Try Experimental Local Beers on Cask Days at Tequesta Brewing
The bar is filled with the aroma of fresh hops. The brew team is hard at work and in full force, making additions to one of the massive fermenters that dominates the rear of the space. Locals already line the bar at 3 p.m. in the afternoon; part of me wonders if they ever left from the previous days, or if they're just as permanent a fixture as the wooden bar and floating tap.
Wednesday is cask day at Tequesta Brewing Company, where curious beer seekers make pilgrimage to this inconspicuous strip mall off of US-1 and Tequesta Drive, just 8/10ths of a mile from the northernmost delineation of Palm Beach County.
Every week, TBC taps a 10.8 gallon 'firkin' cask, held up on a stillage to dispense the beer by gravity, and gives locals a chance to sample an upcoming brew or something quite experimental. This week, it was an advance on an upcoming Double IPA with whiskey oak chips and dry hopped with Simcoe, Citra, and El Dorado.
Kenny, the assistant brewer, details the process. "We allow the cask to sit out at room temperature in our brewery for about five to seven days to let the conditioning finish.
"We then cool it down for a couple of days to let the yeast settle out."
"The Double IPA will run out in about three to four hours... there's about 75-80 drinkable pints, and it's pretty popular."
With grace and precision (is it just me, or are all bartenders in the craft beer scene the best in the business?), a glass is poured and sat in front of me.
The first thing that struck me was the color. It is cloudy and unfiltered, with a pinkness to the hue. There was very little in terms of head or lacing, something due to the fact that it has been cask conditioned. No extra carbon dioxide to get it out of the conditioning vessel. The aroma was amazingly candy-like, akin to grapefruit, bubble gum and Jolly Rancher. The high alphas of the Citra and El Dorado really show themselves on the nose.

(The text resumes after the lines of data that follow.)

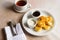 Cottage cheese pancakes, syrniki, ricotta fritters on white ceramic plate with sour cream and jam. Healthy and delicious morning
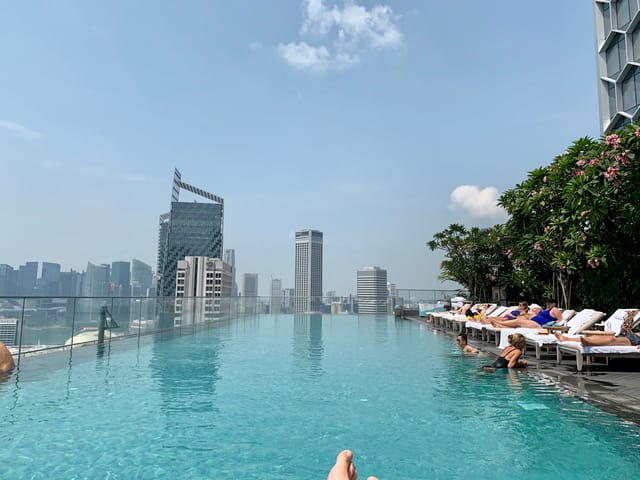 Rooftop pool at Andaz Singapore with city skyline, perfect for upscale events and gatherings.
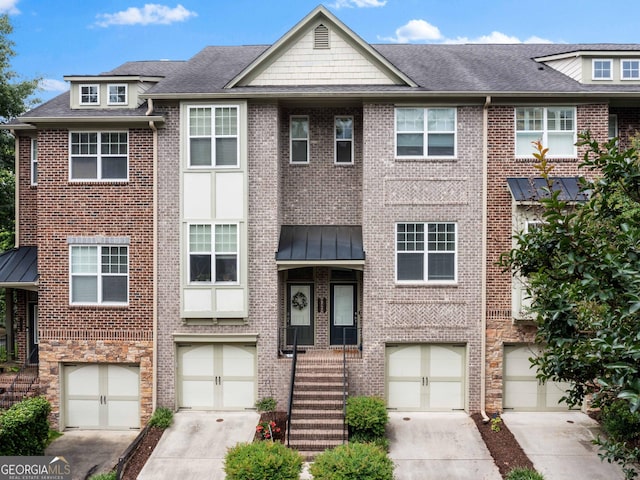 townhome / multi-family property featuring brick siding, driveway, and a garage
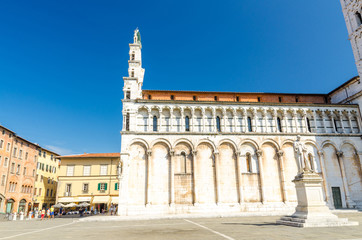 Fototapeta na wymiar Chiesa di San Michele in Foro St Michael Roman Catholic church basilica on Piazza San Michele square in historical centre of old medieval town Lucca in summer day with clear blue sky, Tuscany, Italy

Taste is as complex as required for a double IPA, with a front of hop sweetness and Chardonnay notes, followed by the sought after IPA bitterness that lingered on the palate for a while. Without a high carbonation, the hop flavors really hung around, so you hop heads better get in on the action.
Overall, this is a complex and enjoyable style. The full fledged release on the 29th of April will be a worthwhile drink to pour and savor, as at around 8.5% abv, it's a whammy on the liver.
The other six beers on tap, while not as complicated in terms of style, are nonetheless the huge foundation upon which Jupiter area residents make home.
Gnarly Barley, an American style pale ale, won gold in 2009 at the Florida Beer Competition. Their kolsch, The Kaiser, is a great alternative to standard summer wheat beers.
"It's local, it's good beer, and the price point's right," Kenny continues. "There's no secrets here. That's why the brewery is wide open... we're not trying to hide anything."
So get your ass to Tequesta on Wednesdays, or you'll miss out on some fun beers. If you don't, someone else will drink your pint, and it might be me.